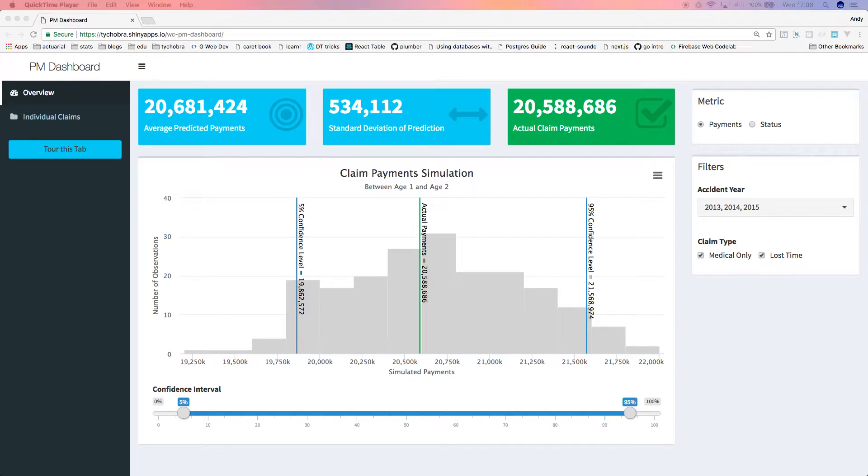Hello, this is our predictive modeling dashboard built with Shiny. This example is designed for an insurance company's workers' compensation claims.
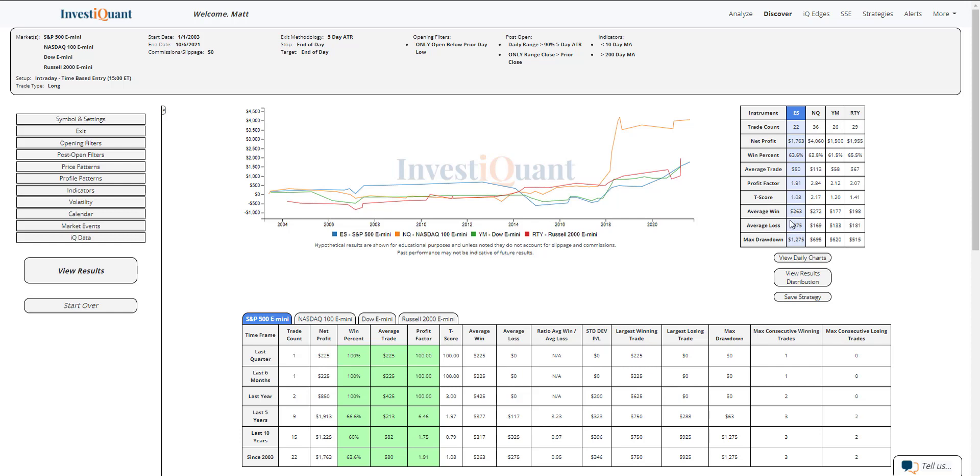If we look at the average moves, they are very similar in size for the S&P. For the Nasdaq, the wins have been bigger on average. That's also the case for the Dow. And then the Russell, pretty similar in size. The average win's a little bit larger there, but pretty similar in size.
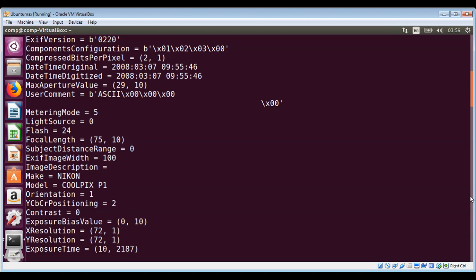This is how in Python you can extract image EXIF data. To keep on learning, please subscribe to our YouTube channel. Keep supporting us and thank you for watching.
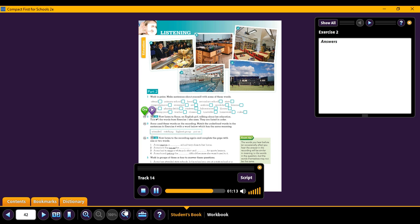There are playing fields at the back where we can do sport and there is a proper canteen and there are science laboratories and quite a big library and a swimming pool.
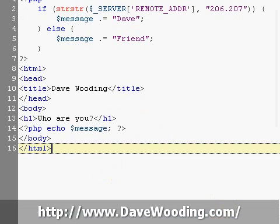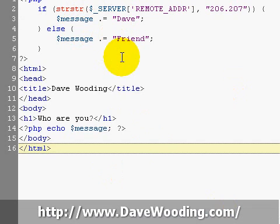And that's it. This code right here is how I can identify who my visitors are by IP address. There's a lot of uses for this. For instance, if you want to detect if Google is visiting, you can use something like this. This is Dave from DaveWooding.com.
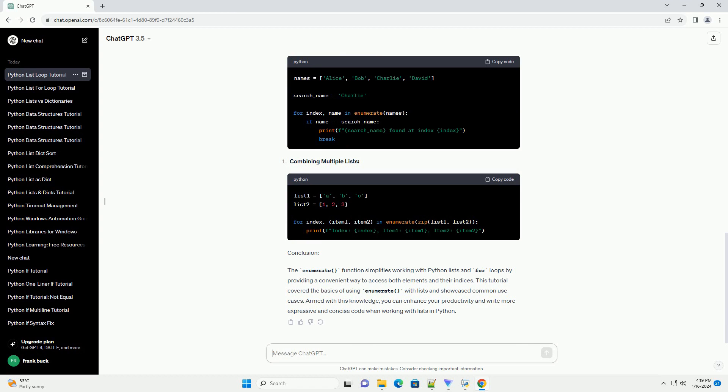Using enumerate with lists. This code snippet introduces the enumerate function, which returns both the index and the corresponding element. Now, each iteration of the loop provides access to both values.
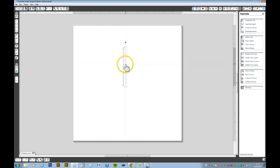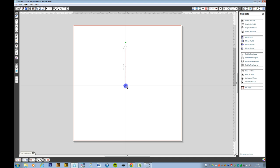Now while we're selecting it, we want to take this crosshair, which is the centre rotation, and drag it down to the bottom. That should click in place, it will snap to the bottom.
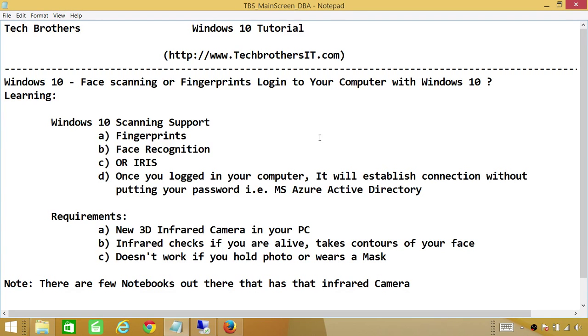It doesn't work if you hold a photo in front of the 3D infrared camera, or if you wear a mask. So that is pretty smart and it's exciting.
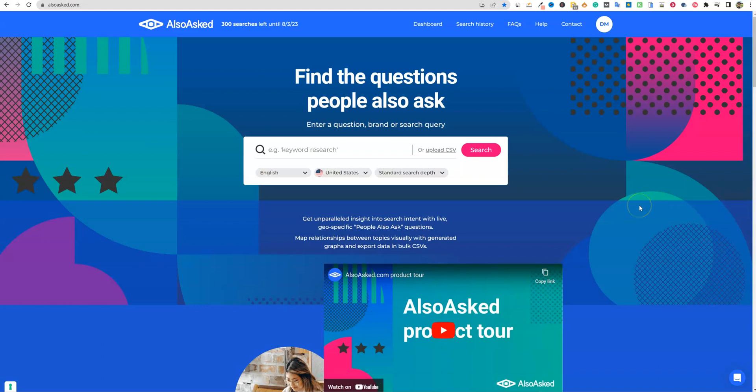All right, welcome back to LearnWire. We're going to be looking at this tool that I've been using the last couple months, and it's called AlsoAsked.com.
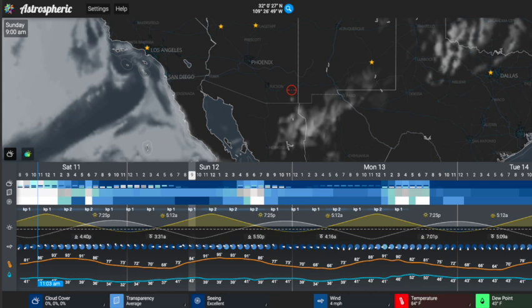Just to the left and right, you can see the slightly brighter blue color, which is representing a four out of five in seeing. Anything worse than that, don't bother because you won't get the image resolution you're looking for.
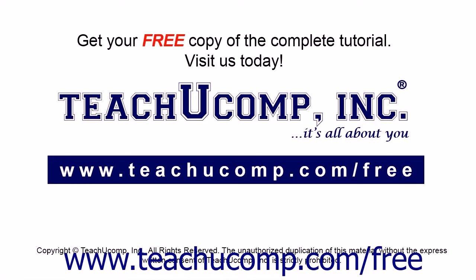Get your free copy of the complete tutorial at www.teachucomp.com/free.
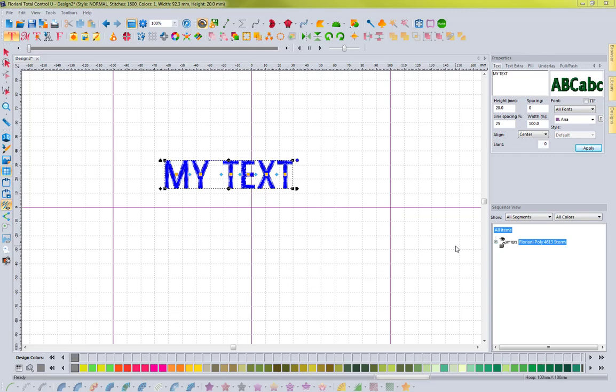Have you ever been working with fonts in software where you wanted to find all the script fonts quickly and easily so you could run through them, or even small fonts that utilize 60 weight thread? We've done a couple things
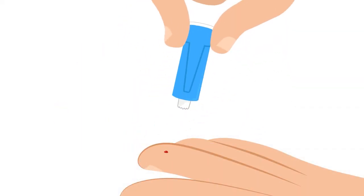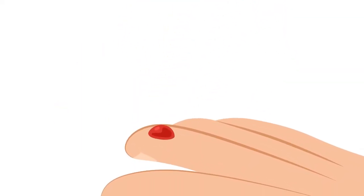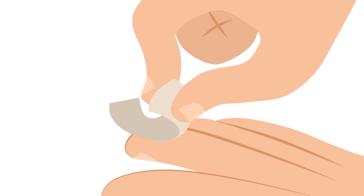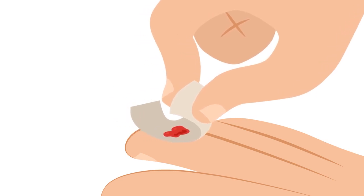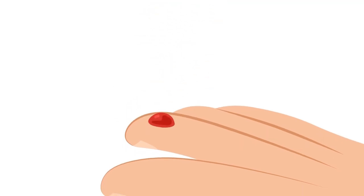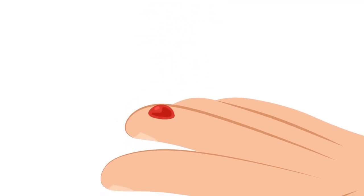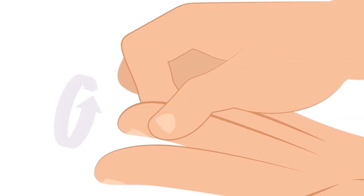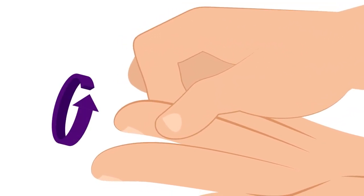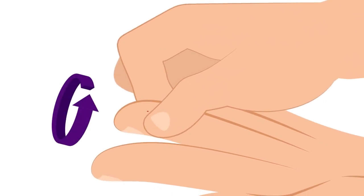Wipe away the first drop of blood with the gauze. Allow a second drop of blood to form, as the second drop provides a better sample. If no blood appears, massage your finger to help with blood flow or try a different fingertip.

### TASK DESCRIPTION
Everything above from the line containing "There are playing" down to the line containing "And that's it." is to be duplicated exactly, both lines included, and the pictures are to be omitted.

### ANSWER SPACE
There are playing fields at the back where we can do sport and there is a proper canteen and there are science laboratories and quite a big library and a swimming pool.
And that's it. This code right here is how I can identify who my visitors are by IP address. There's a lot of uses for this. For instance, if you want to detect if Google is visiting, you can use something like this. This is Dave from DaveWooding.com.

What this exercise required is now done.